┌────────
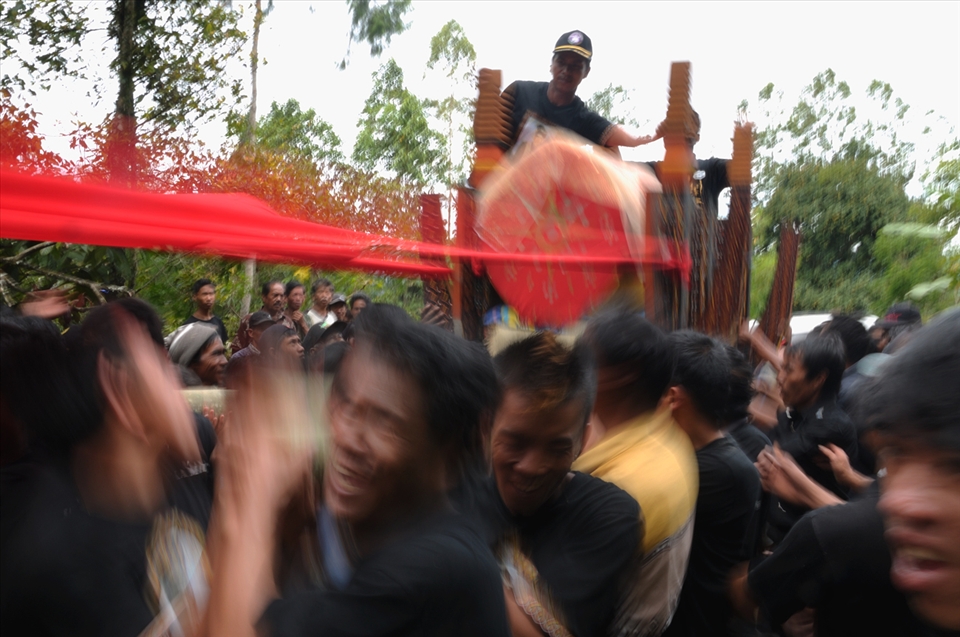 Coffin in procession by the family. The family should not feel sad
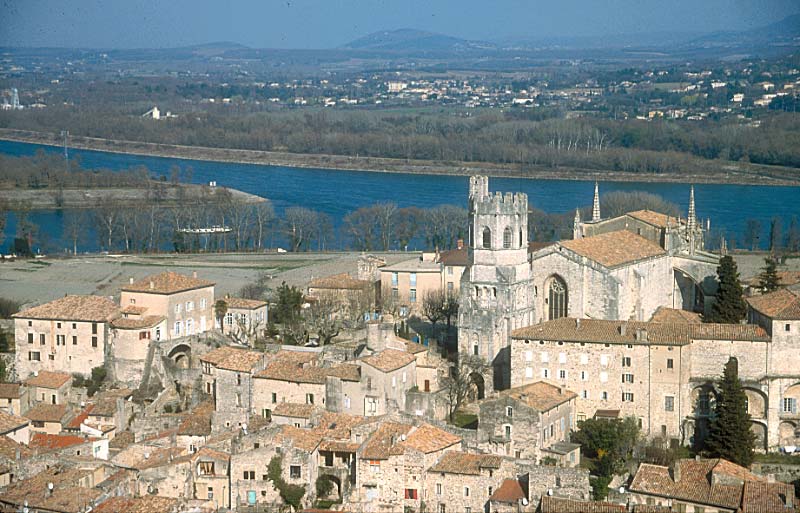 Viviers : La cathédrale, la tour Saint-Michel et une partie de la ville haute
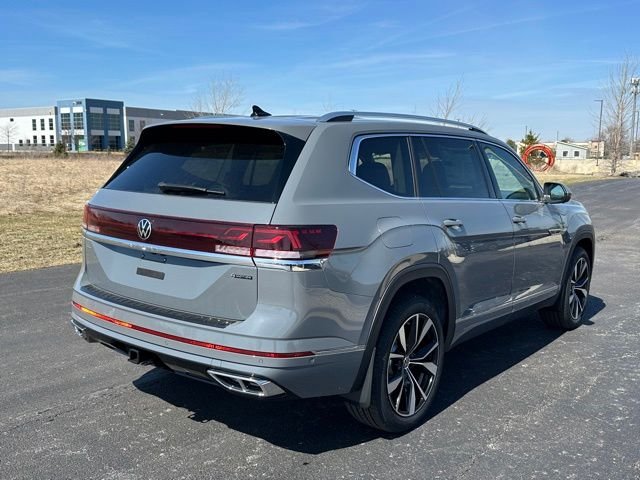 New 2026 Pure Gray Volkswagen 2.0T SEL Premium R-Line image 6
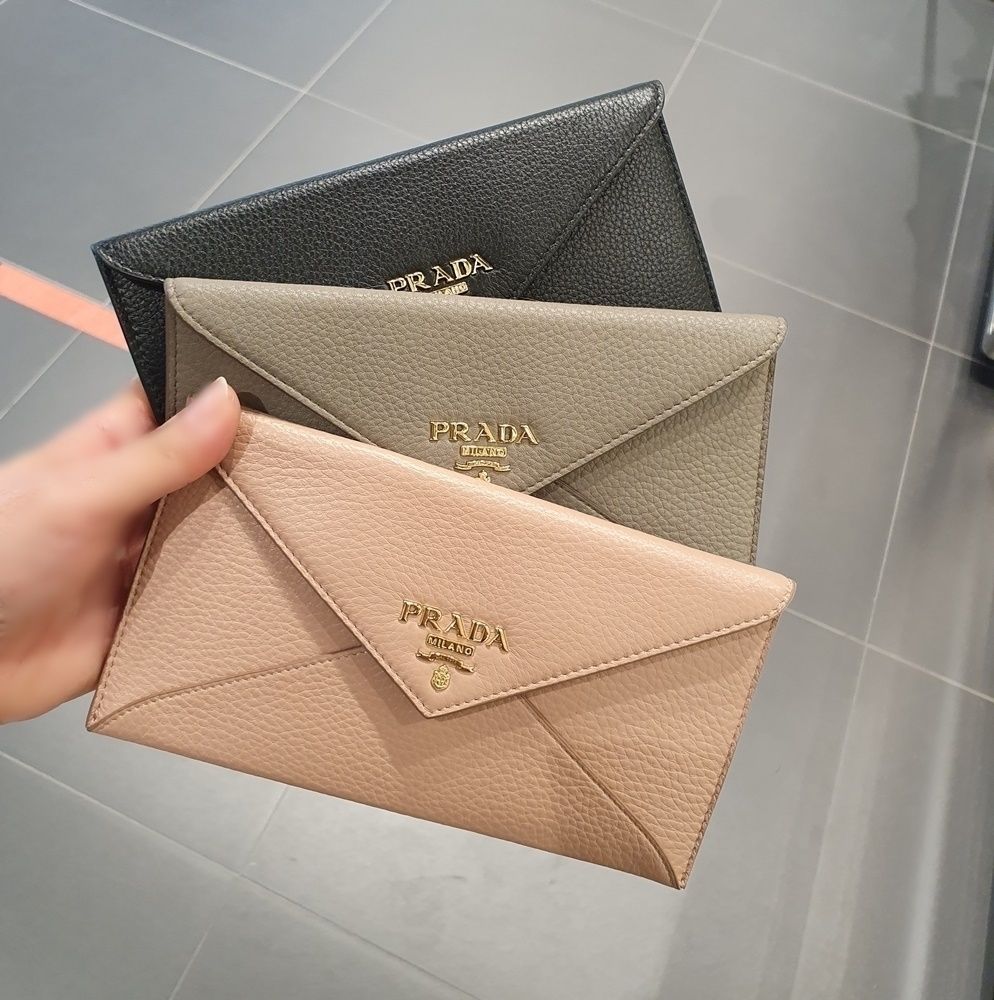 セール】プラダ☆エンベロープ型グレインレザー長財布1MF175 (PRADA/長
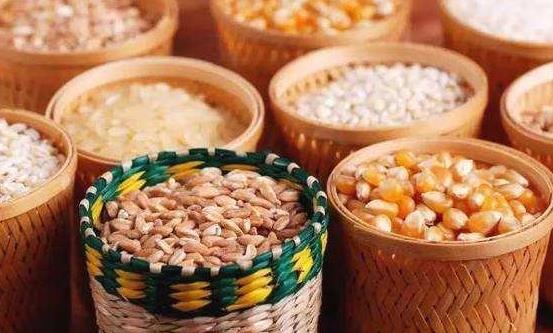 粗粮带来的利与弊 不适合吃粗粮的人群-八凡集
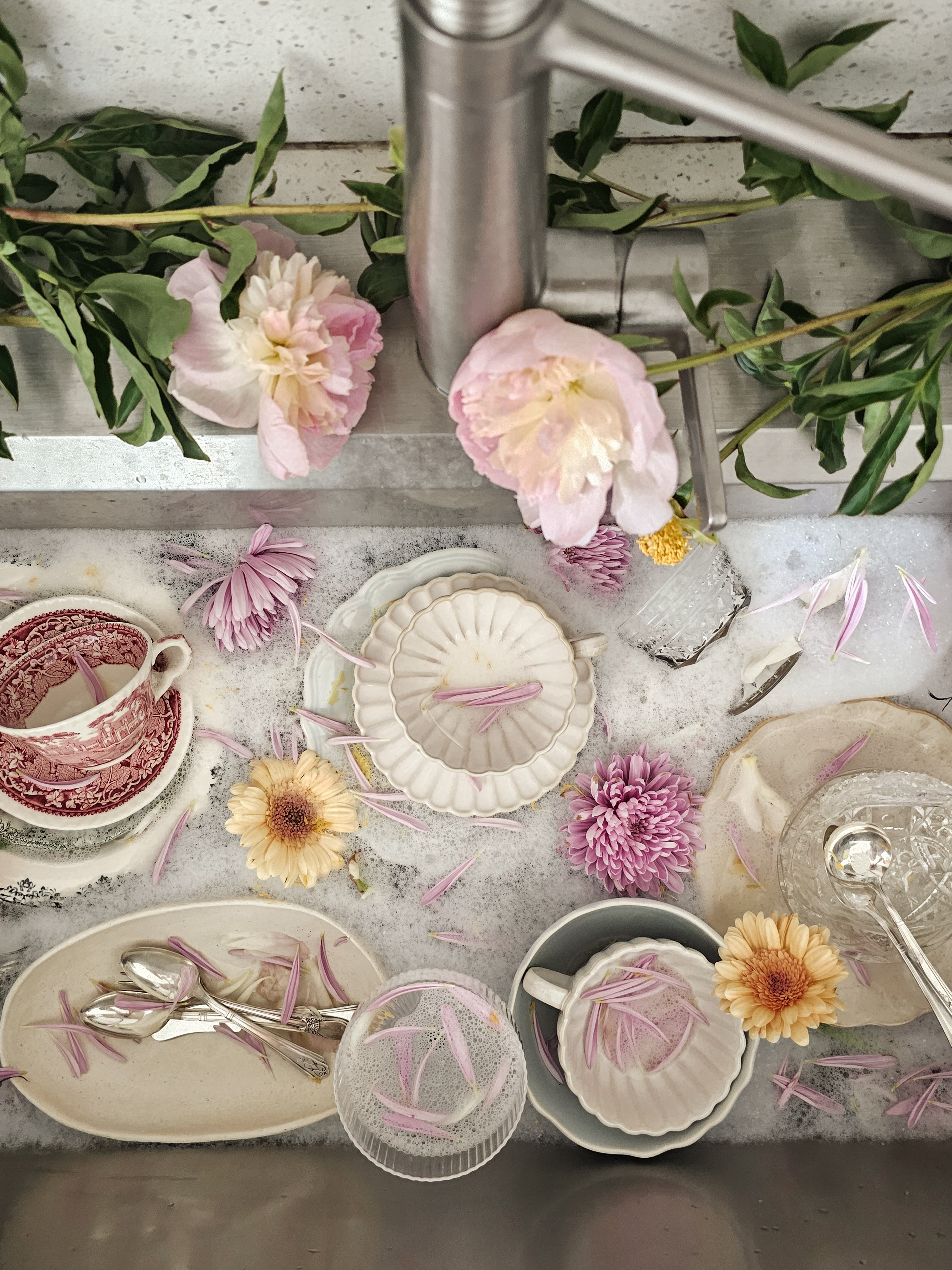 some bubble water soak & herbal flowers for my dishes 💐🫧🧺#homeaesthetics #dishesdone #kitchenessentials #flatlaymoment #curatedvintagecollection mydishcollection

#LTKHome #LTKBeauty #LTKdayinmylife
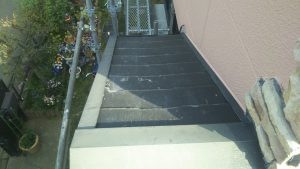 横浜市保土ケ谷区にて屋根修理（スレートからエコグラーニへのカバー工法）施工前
└────────
== TASK GOAL ==
Skip every picture, and restate word for word only the lines above from the line containing "Viviers : La" to the line containing "粗粮带来的利与弊 不适合吃粗粮的人群-八凡集", both of them included.

== REPLY ==
 Viviers : La cathédrale, la tour Saint-Michel et une partie de la ville haute
 New 2026 Pure Gray Volkswagen 2.0T SEL Premium R-Line image 6
 セール】プラダ☆エンベロープ型グレインレザー長財布1MF175 (PRADA/長
 粗粮带来的利与弊 不适合吃粗粮的人群-八凡集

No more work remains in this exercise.